TASK ITEM »
The copy must hold exactly the lines from the one with "La Maison D'helene Casa vacanze *" through the end of the listing below, and nothing else, with no pictures.

COLLECTED DATA »

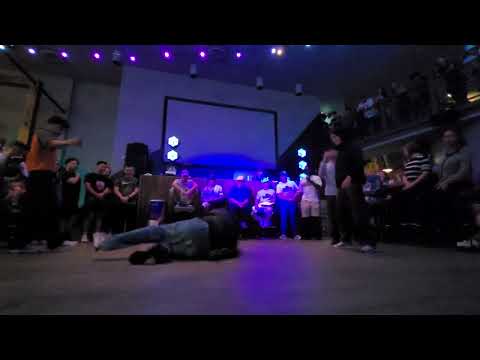 [semis] Strape Hath vs Stray Path - NON anniversary 2023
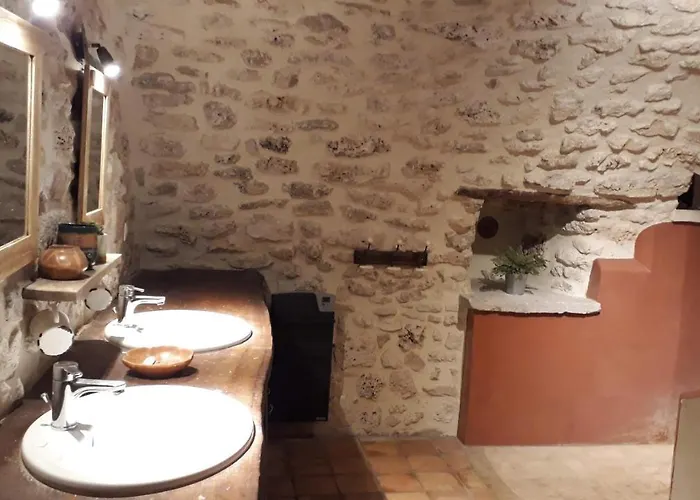 La Maison D'helene Casa vacanze *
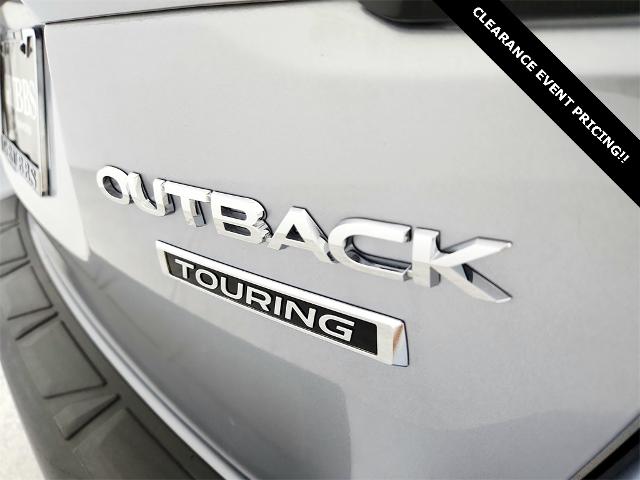 2024 Subaru Outback Vehicle Photo in Grapevine, TX 76051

FINISHED EXERCISE »
 La Maison D'helene Casa vacanze *
 2024 Subaru Outback Vehicle Photo in Grapevine, TX 76051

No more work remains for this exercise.